The first rule about Fight Club is that you don’t talk about fight club. I’m about to break that rule. Director David Fincher (of Seven, and The Game fame) is back with a new film, and you should know by now what to expect: a relentlessly bleak, but wonderfully shot tale of despair. He doesn’t break new ground in Fight Club, but he does take the dark ideas from his previous films even farther here.

Edward Norton stars as a white-collar worker, who has become increasingly unhappy with his consumer-oriented life. Plagued with insomnia, he finds himself depressed and unable to see the purpose of his pathetic existence. His search for meaning leads him to attend various deadly disease support groups, where the openness and raw emotion become the only truly real thing in his life.

Enter Tyler Durden (Brad Pitt), an unorthodox soap salesman with a rather anarchic world view. The pair meet, and quickly bond. When Edward Norton’s apartment is blown up in a freak accident, Tyler Durden is the man he calls for help, and the two men quickly become inseparable.

Since years of self-improvement have never led to happiness, the pair decide to give self-destruction a try. To taste the sting of life, the pair begin to have bare knuckle fights just for fun. Soon, this pasttime becomes a passion, as more and more disaffected men yearning for more join this elite secret society: Fight Club. But the anarchy doesn’t stop there, and Tyler has plans for the group that go well beyond anyone’s imagination.

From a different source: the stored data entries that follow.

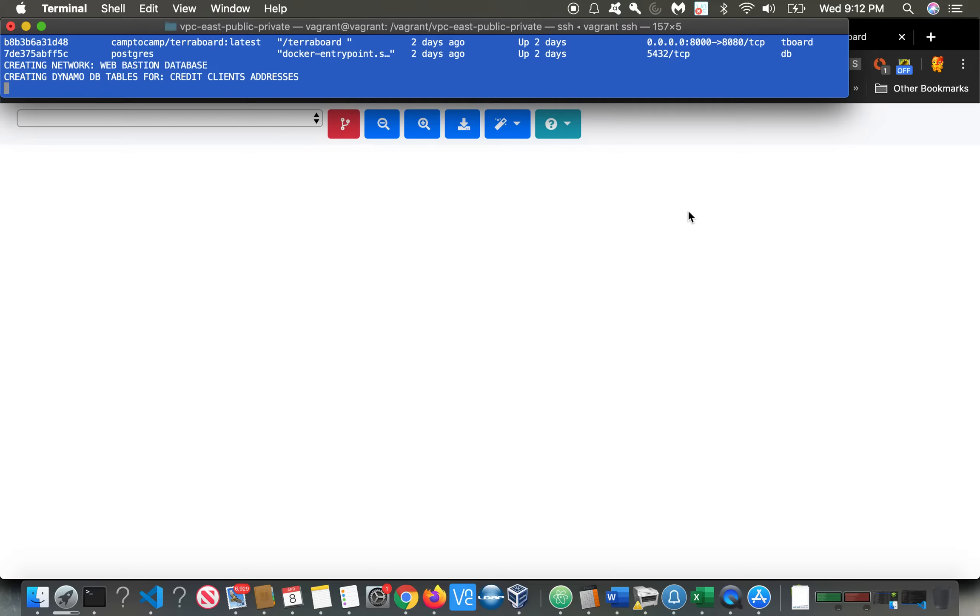So we should have DynamoDB tables. We should have authorizations, payments. We should have RDS databases for Maria and MySQL. So let's see what we have.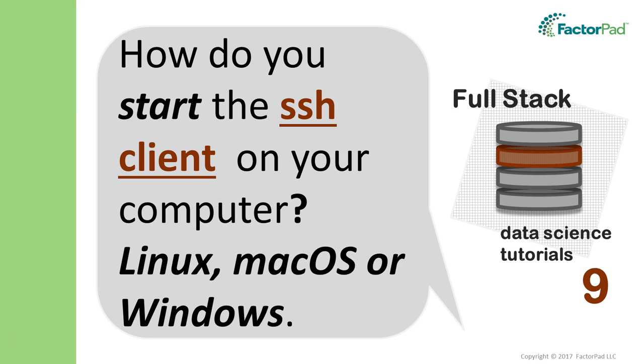Welcome. Today's question: how do you start the SSH client on your computer - Linux, Mac OS, or Windows?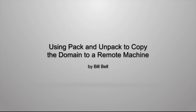In this demonstration, I show you how to use the Pack and Unpack utilities to copy a reconfigured domain to a remote managed server machine.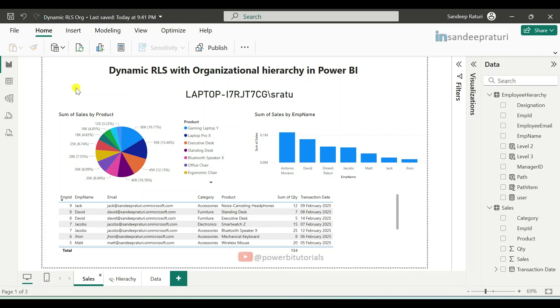Hello everyone, welcome back to the Power BI Zero to Hero playlist. My name is Sandeep Rathuri, and in this video I will discuss dynamic row level security with an organizational hierarchy in Power BI.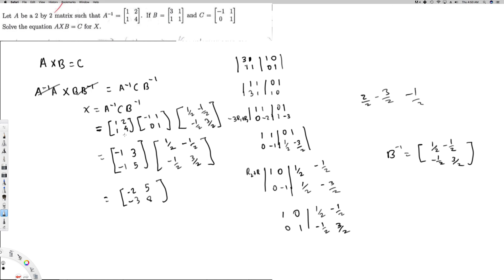Let's verify. For A inverse C: first row first column — one times minus one plus two times zero equals minus one, perfect. First row second column — one times one plus two times one equals three, perfect. The second row checks out too — minus one and five are correct. Multiplying by B inverse gives minus two, five, minus three, eight — everything checks out. This is the final answer. I hope you guys liked this video, see you next time.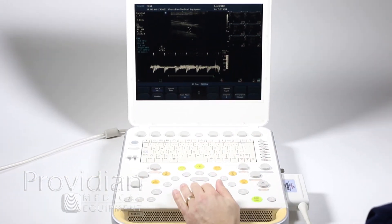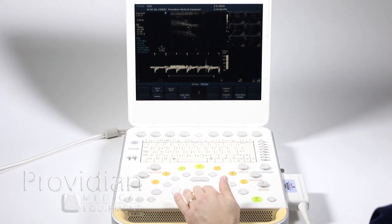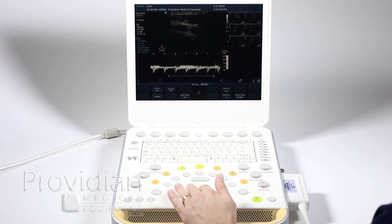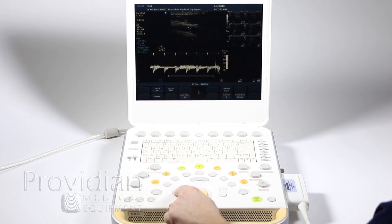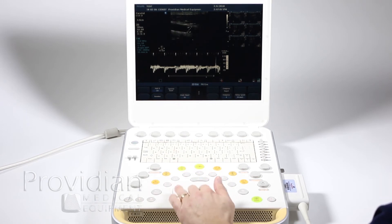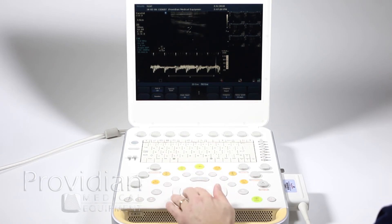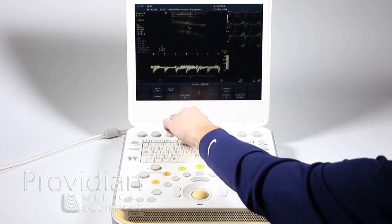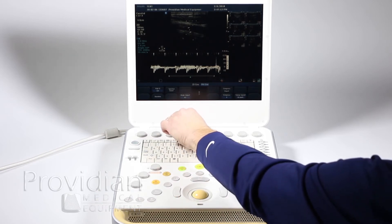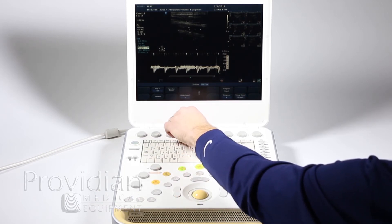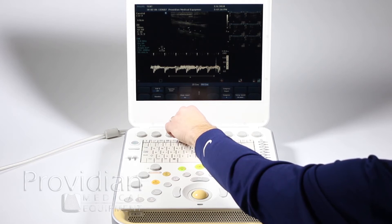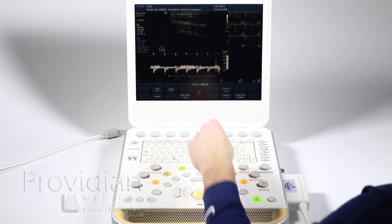Here I can scroll through the cine with the trackball. I can hit this and go look through my 2D cine — that's how you're going to flip back and forth. I can make my angle adjustments here.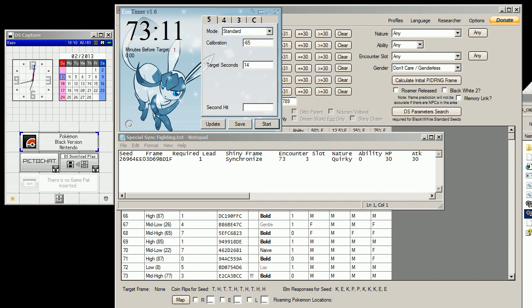Hello everyone, KauzelWar here, and in this video I'm going to be showing you how to RNG abuse wild Pokemon.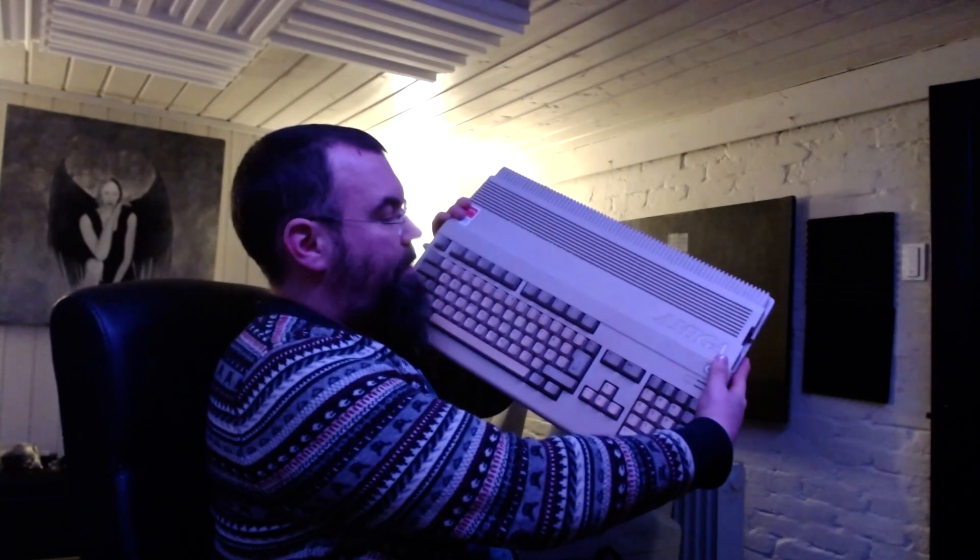This is my original Amiga, the one I bought for my own money when I was a kid. It has been stored for some years.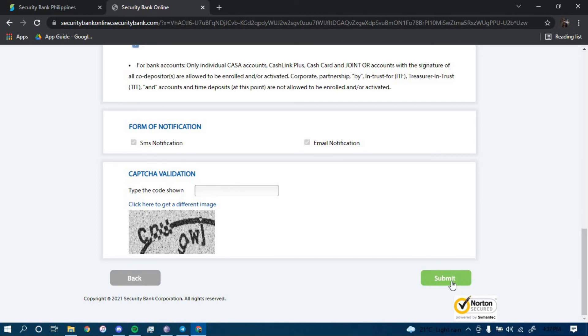Once you click on submit, you should be directed to another page where they'll further guide you on how you can enroll for an online banking account in Security Bank. Make sure to follow all the steps carefully and you should be able to successfully enroll for an account.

A true adaptation of Chuck Palahniuk’s novel, Fight Club, seemed impossible. With a twisty timeline, surreal developments, and radical ideas scattershot all over the plot, the novel must have been a screenwriter’s nightmare to adapt. However, Jim Uhls tackled the task admirably, successfully creating order out of chaos. Edward Norton reads a heavy narration through the film, usually a bad move, but in this case it works. With witty dialogue lifted straight from the book, the narration further enhances the film’s unique world view.

Like Fincher’s previous work, Fight Club is unrelentlessly bleak. Full of provocative ideas and brutal, brutal violence, his film is a portrait of the downfall of modern civilization. The dehumanizing aspects of society are shown as an emasculating force, against which a group of men rebel by giving in to their primary urges of chaos and destruction. Sensitive viewers may take offense at the film’s destructive, fascistic and misogynistic themes, but that’s only if they can last through the film’s intensely ugly depiction of violence. Those who can stomach the violence and the film’s unusual message are in for a treat, however. Fight Club is visually inventive, and a tremendous treat to watch

Though there are many punches literally thrown in Fight Club (the film is not for the slightly squeamish of stomach), one aspect which can’t stand a punch is the characterization. Edward Norton has the strongest character, and even his is paper thin. As Tyler Durden, Brad Pitt is all attitude, and no substance. We never learn what makes these men tick, even though we are shown they tick in the most explosive of ways.

Things aren’t much better in the supporting cast. Helena Bonham Carter plays the sometime girlfriend of Tyler. However, a shallowly drawn character, her sole purpose in the film is to de-emphasize the homosexual aspects of the film’s many male-to-male relationships. In the film’s only other supporting role of substance, Meat Loaf plays a man who is literally emasculated (as a testicular cancer survivor with hormonal problems). Though his character might have had substance, he is merely played as a quick joke, and never seems real.

Brilliantly shot and intensely provocative, Fight Club never matches the genius of Fincher’s crowning achievement, Seven. Still, his stunning visual style carries the film well past its faults, and (provided you can stomach the blood…and the message) Fight Club will be a film you remember.